楊梅不喜歡周三少的眼神。


    從她踏進花廳,與他目光相對的第一眼,他的眼神深處就充滿審視,即使周身的氣質如此溫潤無害;沒有比一名女子健壯多少的文弱身軀那麽地不具危險性,任何一個女子與他相處,都不會覺得有威脅……照理說,這是一個能令人感到安全的男人……


    但楊梅就是覺得很不喜歡,甚至,很討厭。


    知夏在周三少離開後,衝到她的房間,將小丫鬟們都遠遠打發後,抓著她手驚喜地又笑又叫,滔滔不絕說著感想——


    “我沒見過這樣俊秀文弱的男子!他氣質高貴,風度翩翩,加上身體不好,這輩子定然不會有對女子疾言厲色的時候。瞧瞧吧,他麵對你這張臉,仍然那麽溫和,甚至小心地斟酌語句,就怕說了不恰當的話惹你傷懷;麵對我們這些丫鬟與婆子,也是溫和客氣,沒半點頤指氣使,卻又恰當地保持了貴族的風範,讓人不敢因為他的和氣而越過尊卑的界限。我從沒在鳳陽城內看過這樣的貴公子,即使整個鳳城的名門公子我們都算見過了,也沒人能有他這樣的高雅尊貴天成!不愧是皇後的弟弟,不愧是京城的名門望族,果然不是一般鄉野士紳能比的。”


    知夏開懷得像是周三少爺已經是她的如意郎君似的,隨著她的亢奮,止不了的,不僅僅是她的嘴,還有她定不下來的身子,非得走來走去才能讓自己撲撲亂跳的心給安撫些許。


    還有比這更好的前程嗎?


    知夏覺得人生從來沒有這樣完滿過。


    是的,現在她僅僅是一個丫鬟,一個即使脫了奴籍,也改不了低賤出身的丫鬟,但她卻可以改變她的子孫後代,讓他們成為世上人人仰望的人上人!而她,一個低到塵埃裏的人物,卻能讓後代子孫們,以王公貴族的身分來祭拜她,讓她不僅後半輩子榮華富貴,連死後還能永世享有最頂級的供奉,這簡直是個難以置信的美夢。


    而,這個美夢,竟然離她如此的近!似乎隻要她伸個手,就拿到了……


    “楊——”發現自己聲音太過尖銳,而叫喚出來的名字也不對,連忙壓低聲音,並且再不敢喚出那個應該被永遠遺忘掉的名字。“姑娘!我的好姑娘!你說個話兒啊,跟我好好說說!快點兒。”


    “你讓我說什麽好呢?”


    “跟我說說周公子啊,你與他相處了一下午,怎麽看待他的?跟我說說。
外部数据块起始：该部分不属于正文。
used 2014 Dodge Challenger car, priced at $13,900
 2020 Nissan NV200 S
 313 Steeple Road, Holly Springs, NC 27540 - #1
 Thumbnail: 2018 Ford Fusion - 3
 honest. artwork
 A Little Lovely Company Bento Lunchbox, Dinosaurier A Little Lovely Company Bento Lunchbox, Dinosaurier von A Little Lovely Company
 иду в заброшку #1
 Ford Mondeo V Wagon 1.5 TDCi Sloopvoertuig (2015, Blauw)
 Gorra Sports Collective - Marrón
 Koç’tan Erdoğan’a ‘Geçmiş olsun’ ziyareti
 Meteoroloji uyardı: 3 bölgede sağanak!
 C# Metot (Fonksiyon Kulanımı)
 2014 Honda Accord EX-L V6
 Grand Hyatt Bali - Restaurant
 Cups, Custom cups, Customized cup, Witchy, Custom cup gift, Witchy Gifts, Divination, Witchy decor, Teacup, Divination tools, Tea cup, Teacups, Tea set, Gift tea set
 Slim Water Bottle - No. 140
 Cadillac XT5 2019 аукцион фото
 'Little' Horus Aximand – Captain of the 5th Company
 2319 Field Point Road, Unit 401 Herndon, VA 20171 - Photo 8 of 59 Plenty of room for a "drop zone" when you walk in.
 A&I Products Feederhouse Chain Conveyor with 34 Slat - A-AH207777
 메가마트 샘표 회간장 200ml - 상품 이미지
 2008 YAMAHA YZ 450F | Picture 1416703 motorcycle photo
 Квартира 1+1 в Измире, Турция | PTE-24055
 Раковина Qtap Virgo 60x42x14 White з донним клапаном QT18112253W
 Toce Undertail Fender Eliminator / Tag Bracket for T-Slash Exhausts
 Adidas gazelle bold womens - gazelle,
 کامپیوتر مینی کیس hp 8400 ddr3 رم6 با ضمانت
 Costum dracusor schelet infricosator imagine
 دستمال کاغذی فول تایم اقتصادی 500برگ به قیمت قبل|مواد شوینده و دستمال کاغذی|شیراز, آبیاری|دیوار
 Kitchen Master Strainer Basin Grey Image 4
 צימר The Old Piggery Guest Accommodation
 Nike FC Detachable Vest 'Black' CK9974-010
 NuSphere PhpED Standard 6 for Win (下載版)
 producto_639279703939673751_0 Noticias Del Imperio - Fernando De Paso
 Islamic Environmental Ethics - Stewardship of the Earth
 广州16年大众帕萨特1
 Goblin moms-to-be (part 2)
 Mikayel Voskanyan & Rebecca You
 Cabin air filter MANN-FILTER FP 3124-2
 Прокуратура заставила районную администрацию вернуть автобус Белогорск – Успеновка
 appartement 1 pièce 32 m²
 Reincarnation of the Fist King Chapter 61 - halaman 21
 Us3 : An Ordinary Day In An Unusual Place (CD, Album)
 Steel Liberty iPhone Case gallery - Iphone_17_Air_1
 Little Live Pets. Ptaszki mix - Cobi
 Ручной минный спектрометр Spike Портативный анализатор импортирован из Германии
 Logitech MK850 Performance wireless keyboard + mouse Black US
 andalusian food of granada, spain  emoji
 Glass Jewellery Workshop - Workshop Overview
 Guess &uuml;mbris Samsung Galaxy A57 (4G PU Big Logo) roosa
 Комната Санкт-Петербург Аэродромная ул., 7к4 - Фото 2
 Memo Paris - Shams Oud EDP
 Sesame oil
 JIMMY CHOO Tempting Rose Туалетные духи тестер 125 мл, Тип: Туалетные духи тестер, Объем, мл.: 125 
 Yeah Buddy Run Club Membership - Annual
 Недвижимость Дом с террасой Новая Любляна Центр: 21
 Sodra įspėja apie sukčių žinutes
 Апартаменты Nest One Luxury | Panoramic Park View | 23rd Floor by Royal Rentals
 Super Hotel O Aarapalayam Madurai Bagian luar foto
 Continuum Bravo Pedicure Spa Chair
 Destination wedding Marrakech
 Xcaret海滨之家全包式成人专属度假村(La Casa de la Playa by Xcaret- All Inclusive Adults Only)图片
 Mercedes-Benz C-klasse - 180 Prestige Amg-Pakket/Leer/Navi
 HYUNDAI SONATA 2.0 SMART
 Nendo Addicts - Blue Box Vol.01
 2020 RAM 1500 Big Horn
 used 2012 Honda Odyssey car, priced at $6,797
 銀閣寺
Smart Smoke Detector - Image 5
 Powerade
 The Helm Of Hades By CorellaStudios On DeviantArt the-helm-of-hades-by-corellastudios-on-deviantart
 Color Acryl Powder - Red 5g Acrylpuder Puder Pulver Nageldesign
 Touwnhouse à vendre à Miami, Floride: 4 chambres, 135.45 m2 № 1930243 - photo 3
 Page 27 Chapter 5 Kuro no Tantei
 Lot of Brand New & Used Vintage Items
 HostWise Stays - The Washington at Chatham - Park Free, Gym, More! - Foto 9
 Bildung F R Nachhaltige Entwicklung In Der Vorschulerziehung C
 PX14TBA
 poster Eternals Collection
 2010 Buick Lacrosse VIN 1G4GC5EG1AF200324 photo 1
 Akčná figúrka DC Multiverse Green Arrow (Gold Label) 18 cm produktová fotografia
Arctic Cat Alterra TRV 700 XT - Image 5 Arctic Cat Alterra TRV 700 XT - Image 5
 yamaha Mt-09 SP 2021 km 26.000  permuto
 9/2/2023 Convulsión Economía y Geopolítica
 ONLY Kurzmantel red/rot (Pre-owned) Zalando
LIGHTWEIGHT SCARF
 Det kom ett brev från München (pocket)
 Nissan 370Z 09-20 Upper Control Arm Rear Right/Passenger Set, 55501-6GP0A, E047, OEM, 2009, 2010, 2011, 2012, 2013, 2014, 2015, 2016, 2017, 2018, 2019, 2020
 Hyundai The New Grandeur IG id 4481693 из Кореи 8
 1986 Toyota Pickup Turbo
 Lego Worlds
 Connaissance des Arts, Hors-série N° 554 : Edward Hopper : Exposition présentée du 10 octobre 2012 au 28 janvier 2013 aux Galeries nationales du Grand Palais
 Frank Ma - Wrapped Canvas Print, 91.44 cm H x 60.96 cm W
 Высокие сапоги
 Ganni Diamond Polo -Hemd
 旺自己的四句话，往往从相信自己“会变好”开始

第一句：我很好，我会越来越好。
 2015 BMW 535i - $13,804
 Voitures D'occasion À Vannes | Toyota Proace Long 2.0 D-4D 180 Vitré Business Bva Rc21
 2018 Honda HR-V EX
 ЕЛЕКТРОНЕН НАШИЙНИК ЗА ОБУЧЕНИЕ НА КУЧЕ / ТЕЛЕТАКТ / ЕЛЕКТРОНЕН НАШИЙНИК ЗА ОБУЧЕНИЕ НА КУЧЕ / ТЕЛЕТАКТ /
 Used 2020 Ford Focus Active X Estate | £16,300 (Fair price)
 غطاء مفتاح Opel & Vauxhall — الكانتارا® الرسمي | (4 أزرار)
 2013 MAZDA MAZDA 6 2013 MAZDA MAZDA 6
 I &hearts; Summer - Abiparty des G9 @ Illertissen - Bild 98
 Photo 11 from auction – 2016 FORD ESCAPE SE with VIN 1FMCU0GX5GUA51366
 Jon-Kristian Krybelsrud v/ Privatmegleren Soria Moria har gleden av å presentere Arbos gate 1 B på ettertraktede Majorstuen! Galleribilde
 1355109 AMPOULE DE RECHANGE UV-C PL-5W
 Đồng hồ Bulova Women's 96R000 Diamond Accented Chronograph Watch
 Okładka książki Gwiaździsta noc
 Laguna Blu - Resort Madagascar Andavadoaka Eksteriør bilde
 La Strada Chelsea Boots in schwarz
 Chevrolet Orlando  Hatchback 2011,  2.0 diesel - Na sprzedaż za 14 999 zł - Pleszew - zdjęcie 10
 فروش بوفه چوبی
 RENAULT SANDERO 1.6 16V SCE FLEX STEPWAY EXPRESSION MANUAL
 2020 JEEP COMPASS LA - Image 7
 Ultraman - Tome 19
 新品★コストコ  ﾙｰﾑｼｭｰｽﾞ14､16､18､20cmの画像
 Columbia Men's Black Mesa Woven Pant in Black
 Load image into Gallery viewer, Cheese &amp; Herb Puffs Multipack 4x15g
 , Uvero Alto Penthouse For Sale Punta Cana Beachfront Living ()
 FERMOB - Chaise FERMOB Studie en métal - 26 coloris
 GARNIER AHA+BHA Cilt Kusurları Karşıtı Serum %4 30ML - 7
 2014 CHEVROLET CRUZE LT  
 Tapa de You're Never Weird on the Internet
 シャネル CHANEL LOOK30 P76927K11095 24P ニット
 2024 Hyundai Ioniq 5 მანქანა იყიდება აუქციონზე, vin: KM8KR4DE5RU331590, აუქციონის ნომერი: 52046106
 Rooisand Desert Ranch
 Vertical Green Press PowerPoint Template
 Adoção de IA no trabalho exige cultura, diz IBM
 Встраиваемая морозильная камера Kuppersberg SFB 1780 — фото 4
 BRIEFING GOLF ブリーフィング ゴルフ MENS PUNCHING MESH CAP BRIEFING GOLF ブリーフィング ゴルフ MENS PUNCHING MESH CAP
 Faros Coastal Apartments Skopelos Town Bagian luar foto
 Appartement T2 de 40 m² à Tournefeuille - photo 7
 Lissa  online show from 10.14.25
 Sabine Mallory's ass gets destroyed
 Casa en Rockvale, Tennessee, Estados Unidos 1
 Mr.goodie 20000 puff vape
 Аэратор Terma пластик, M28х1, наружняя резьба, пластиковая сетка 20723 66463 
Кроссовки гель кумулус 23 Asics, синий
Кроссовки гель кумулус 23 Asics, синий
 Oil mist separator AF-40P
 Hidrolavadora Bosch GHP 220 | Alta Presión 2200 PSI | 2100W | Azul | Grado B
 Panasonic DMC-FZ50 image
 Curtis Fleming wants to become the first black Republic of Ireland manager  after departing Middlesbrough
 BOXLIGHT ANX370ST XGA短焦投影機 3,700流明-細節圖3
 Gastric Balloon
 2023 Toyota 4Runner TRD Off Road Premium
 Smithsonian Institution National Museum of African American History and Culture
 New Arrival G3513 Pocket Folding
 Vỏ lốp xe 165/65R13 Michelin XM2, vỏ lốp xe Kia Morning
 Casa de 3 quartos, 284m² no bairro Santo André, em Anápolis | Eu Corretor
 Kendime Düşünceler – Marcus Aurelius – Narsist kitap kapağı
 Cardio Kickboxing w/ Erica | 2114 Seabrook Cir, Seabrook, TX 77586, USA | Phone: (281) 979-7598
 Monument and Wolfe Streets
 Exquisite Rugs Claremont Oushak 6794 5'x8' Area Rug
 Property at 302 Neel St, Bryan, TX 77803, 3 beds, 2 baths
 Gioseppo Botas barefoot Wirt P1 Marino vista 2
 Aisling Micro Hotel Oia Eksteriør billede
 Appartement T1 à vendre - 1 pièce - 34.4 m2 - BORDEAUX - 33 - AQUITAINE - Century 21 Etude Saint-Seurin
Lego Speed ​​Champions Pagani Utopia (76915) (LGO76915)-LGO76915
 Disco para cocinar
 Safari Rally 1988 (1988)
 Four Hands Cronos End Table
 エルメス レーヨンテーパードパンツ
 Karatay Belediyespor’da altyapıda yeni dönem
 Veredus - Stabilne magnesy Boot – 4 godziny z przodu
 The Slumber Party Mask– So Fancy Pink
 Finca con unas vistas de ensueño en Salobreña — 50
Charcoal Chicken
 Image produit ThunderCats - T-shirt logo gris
”


    楊梅有些無奈地笑了笑。道:


    “麵對那樣身分高貴的公子,我哪敢有什麽想法?整個下午,我光忙著不露出破綻就耗盡了心力,生怕一個不小心.便教人看透了底細,小命不保。”


    “哎啊,你扮得好極了,就算真正認識姑娘的人,也不見得能看出來你是個假的。”知夏很有信心地打包票。身為大小姐身邊的貼身丫鬟以及偶爾的學業作弊共犯,她們在大小姐有意的培養下,多少都學會模仿大小姐許多言行舉止,而學得最好的首推楊梅;第二好的,則是可能已經不存在世間的藏冬,雖然藏冬長相與小姐有三分肖似,但除此之外,卻是各方麵都比不上楊梅的。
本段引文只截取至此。